Using Existing Infrastructure¶
If you already have AWS Batch resources (created via CloudFormation, CDK, Terraform, etc.), skip the provisioner and create the env file manually:
cat > .scaler_aws_hpc.env << 'EOF'
export SCALER_AWS_REGION="us-east-1"
export SCALER_S3_BUCKET="your-existing-bucket"
export SCALER_JOB_QUEUE="your-existing-queue"
export SCALER_JOB_DEFINITION="your-existing-job-def"
EOF
source .scaler_aws_hpc.env
Then continue from Step 3.
Step 3: Start the Scheduler¶
scaler_scheduler tcp://0.0.0.0:8516
Note
The scheduler address must be reachable from the machine running the AWS HPC worker manager. Use 0.0.0.0 to bind to all interfaces, or your machine’s public/private IP.
Step 4: Start the AWS HPC Worker Manager¶
scaler_worker_manager aws_hpc tcp://<SCHEDULER_IP>:8516 \
--job-queue "$SCALER_JOB_QUEUE" \
--job-definition "$SCALER_JOB_DEFINITION" \
--s3-bucket "$SCALER_S3_BUCKET" \
--aws-region "$SCALER_AWS_REGION"
Or use a TOML configuration file:
$ scaler config.toml
[[worker_manager]]
type = "aws_hpc"
scheduler_address = "tcp://<SCHEDULER_IP>:8516"

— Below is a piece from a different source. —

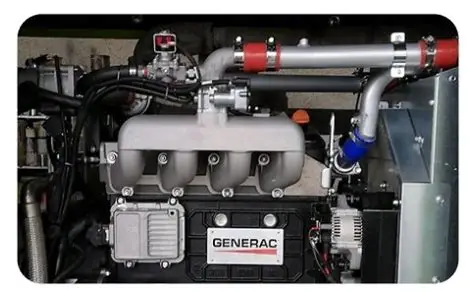 Pramac GGW35G Natural Gas Generator - Image 2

object_storage_address = "tcp://<SCHEDULER_IP>:8517"
worker_manager_id = "wm-batch"
job_queue = "scaler-batch-queue"
job_definition = "scaler-batch-job"
s3_bucket = "scaler-batch-123456789012-us-east-1"
aws_region = "us-east-1"
max_concurrent_jobs = 100
job_timeout_minutes = 60
Step 5: Submit Tasks¶
from scaler import Client
def heavy_computation(x):
return x ** 2
with Client(address="tcp://<SCHEDULER_IP>:8516") as client:
futures = client.map(heavy_computation, range(50))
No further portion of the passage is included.